X_train = [FEATURES] of the training part
Y_train = [TARGETS]  of the training part

X_val = [FEATURES] of the validation part
Y_val = [TARGETS]  of the validation part

TEST :
201606
- All users
[FEATURES]
X_test = [FEATURES]

In [1]:
import os
import numpy as np
import pandas as pd

import logging
logging.getLogger().handlers = []
logging.basicConfig(level=logging.DEBUG)

In [2]:
from common import load_data2, minimal_clean_data_inplace, preprocess_data_inplace, TARGET_LABELS

In [3]:
TRAIN_FILE_PATH = os.path.join("..", "data", "train_ver2.csv")
TEST_FILE_PATH = os.path.join("..", "data", "test_ver2.csv")
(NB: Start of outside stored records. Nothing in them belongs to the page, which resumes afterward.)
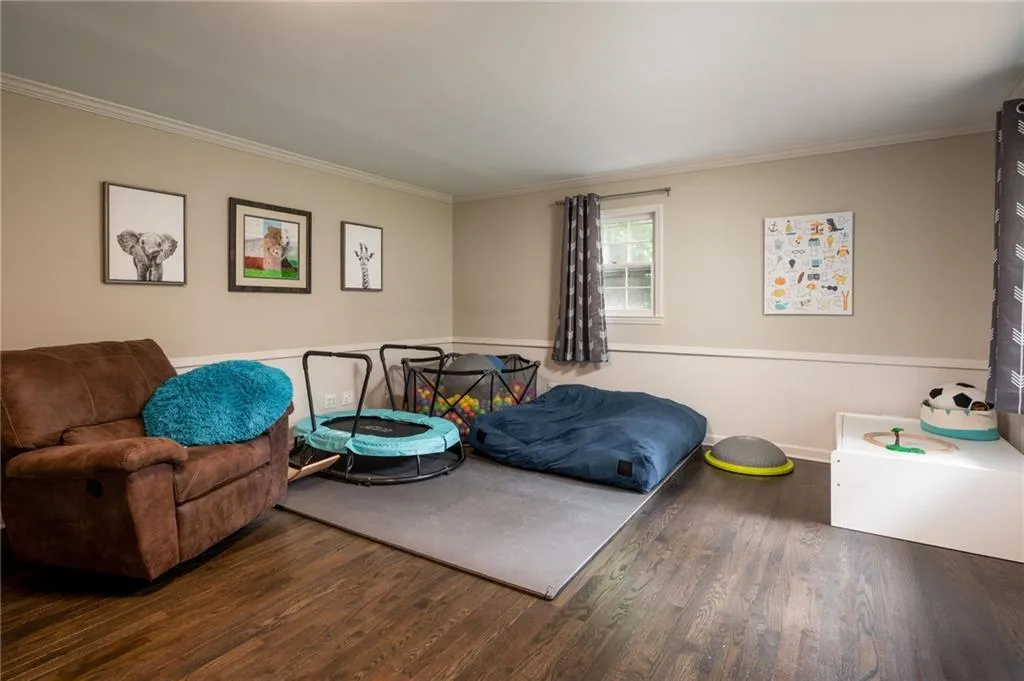 7135 Dunhill Terrace, Atlanta, Georgia 30328, 5 Bedrooms Bedrooms, ,3 BathroomsBathrooms,Residential,Sold,7135 Dunhill Terrace,6897787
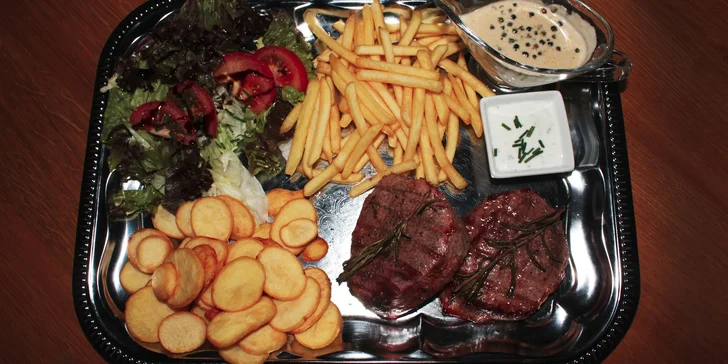 Dva rump steaky s pepřovou omáčkou, přílohou a zeleninovým salátem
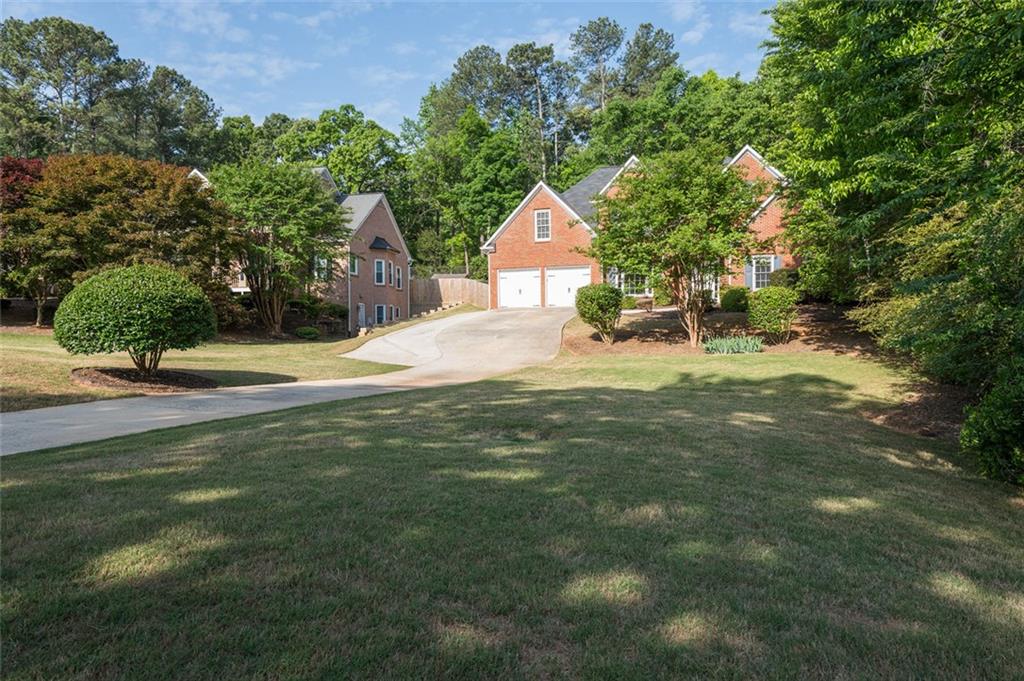 1512 Fallen Leaf Court SW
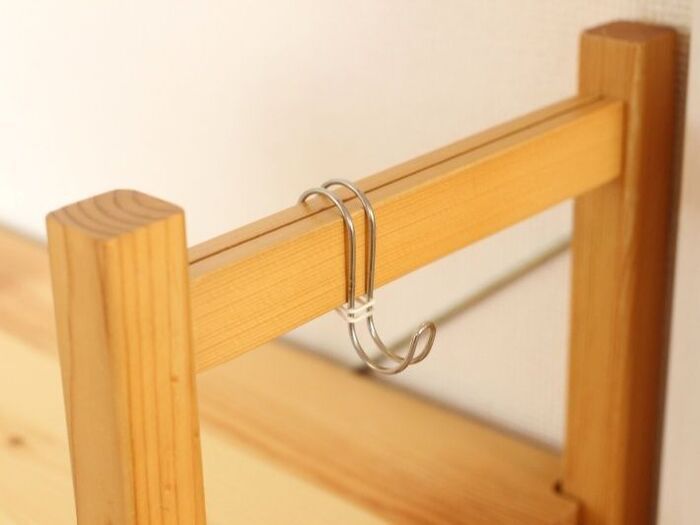 S字フックを「落ちないフック」に変身させる方法。たった3秒でできちゃう簡単ワザ♪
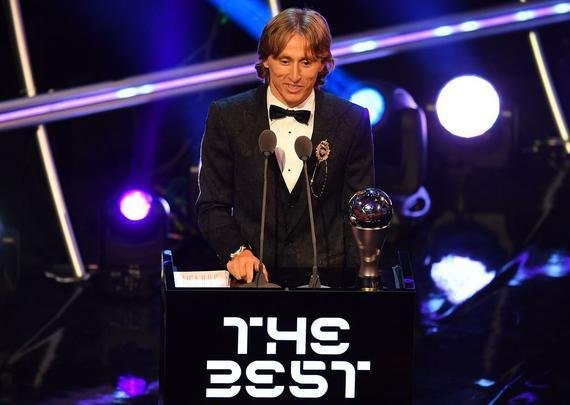 Luka Modric discursa aps ser eleito, pela primeira vez, o melhor jogador do mundo. Crosta, de 33 anos, quebra dinastia de Cristiano Ronaldo e Lionel Messi na premiao The Best, da Fifa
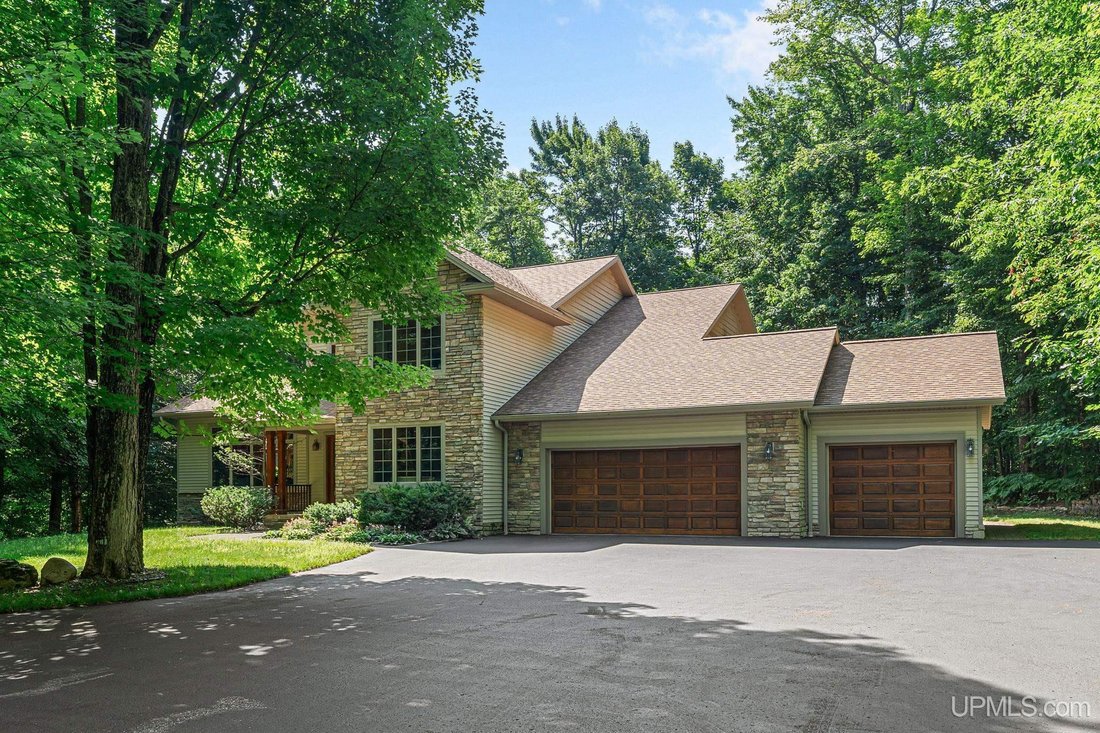 House in Marquette, Michigan, United States 1 - 18561401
Load data + minimal cleaning + preprocessing

* 201505 - to get the clients last choice 
* 201506 - to train on

In [4]:
yearmonth_list = [201505, 201506] 
nb_months = len(yearmonth_list)
nb_clients = 10000

In [5]:
data_df = load_data2(TRAIN_FILE_PATH, yearmonth_list, nb_clients)
minimal_clean_data_inplace(data_df)
preprocess_data_inplace(data_df)

months = data_df['fecha_dato'].unique()
clients = data_df['ncodpers'].unique()
assert len(clients) == (data_df['ncodpers'].value_counts() == nb_months).sum()
ll = len(clients)
for m in months:
    l = len(data_df[data_df['fecha_dato'] == m]['ncodpers'].unique())
    assert l == ll, "Number of clients should be identical for all monthes. (%s, %s, %s)" % (m, l, ll)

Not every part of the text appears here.